Cincinnati, OH (PressExposure) April 12, 2011 -- Entering Judy Diekmeyer's 6th grade Math Challenge class at Rockwern Academy may be a cause for confusion. There are no calculators, no textbooks, and no problem-filled worksheets to be found. Some students have a few scraps of paper on their desks, to be used sparingly or not at all. Seventeen 11-year-olds squirm at their desks, looking excitedly at a large, blank screen. The room pulses with expectation as the students prepare themselves to begin a drill.

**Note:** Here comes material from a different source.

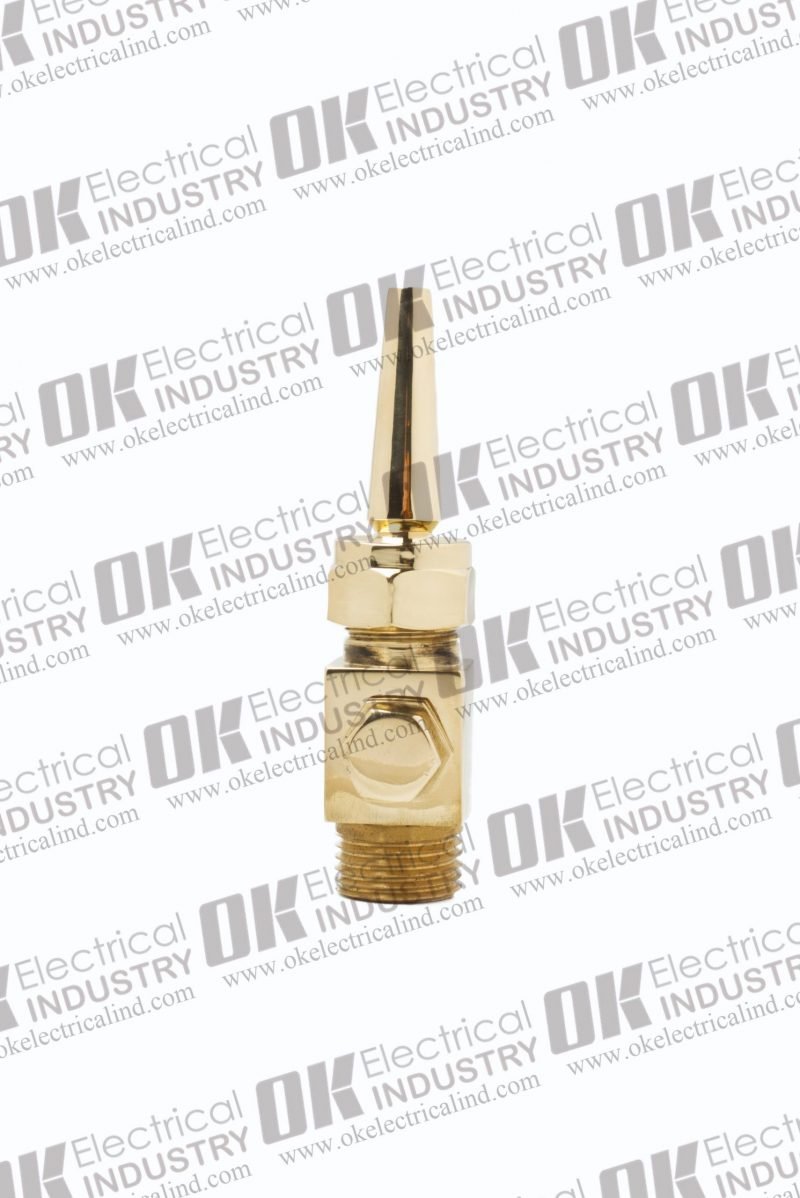 OK Suavial Fountain Nozzle 1/2" (adj)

The session starts. Diekmeyer flashes the first problem up on the screen, and after several seconds hands begin to shoot up. A student is called on and answers correctly. The problems continue to flash rapidly, and as they warm up the class answers with increasing speed. Students are respectful of each other, and seem undaunted as the problems become more complex, ranging from long columns of addition to multiplying sets of 3-digit numbers. Unlike most math classes, the expertise is not clustered around a few students. Every member of the class is fully engaged in the exercise; both comprehension and skill seem to circulate and oscillate throughout the room.
For the past seven months, the 6th grade of Rockwern Academy has taken part in an innovative new math program called "Math Challenge." The emphasis and goal of the class is to expose students to a math experience that will strengthen their mental math calculation ability and increase their confidence. The program was created by Rockwern teacher Judy Diekmeyer with material from three sources: Jason Gibson, who wrote Mental Math Secrets, Scott Flansburg author of Math Magic and sponsor of the American Math Challenge, and a 300-year-old Ancient India program called Vedics.

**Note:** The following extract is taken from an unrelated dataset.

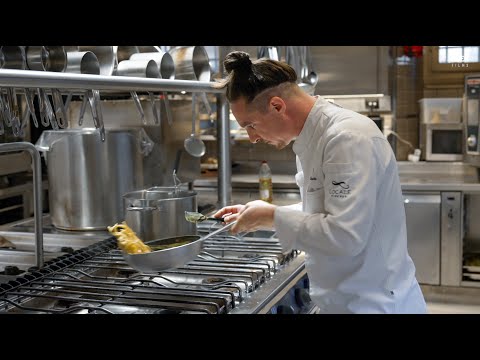 Видео: Спагетти Карбонара — шеф-повар в Италии делится рецептом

Rockwern sixth-graders say that the program has fundamentally shifted their understanding of numbers. "We understand numbers in a different way. Before it was boring, but it's more fun now," said one 11-year old girl. "It took lots of practice, but now this way is faster than the old way. I really enjoy it." One boy said that mental math dramatically reduces the amount of time it takes to complete tests and homework: "I didn't like homework before but now it goes a lot faster. I can finish my tests more quickly too." A student told how she teaches her fourth-grader brother to do mental math. Others smiled with pride as they described using their newfound talents to calculate tips for their parents at restaurants. After watching a presentation in which the 6th graders demonstrated their skills, many adults approached Diekmeyer with a request for a speed math class of their own. Even highschool teachers have asked for her help implementing the program in their own schools.
What is the magic, you ask? According to these sixth-graders, there isn't any. They explain that instead of thinking about numbers based on a one through ten system, they have learned to focus on the numbers between zero and nine. Instead of working problems from right to left, they work left to right. Although their lighting speed might suggest a secret trick, they insist that there are no complicated theories, complex methods, or longwinded explanations. Instead, the Rockwern students offer simple statements to explain their techniques. Through many examples and a great deal of practice, they have learned to become careful observers of patterns.
"In just six months and with only one session of practice per week, the students have become faster than me," says Diekmeyer. "They are young and their minds are fresh and receptive to new ideas." "The program," she adds, "has been a great equalizer for the class. While before there was a larger range in ability among the students, Math Challenge has been a tremendous help for those who previously struggled. Students who had difficulty keeping up or were reluctant to engage in math class are now enthusiastic voices in our classroom."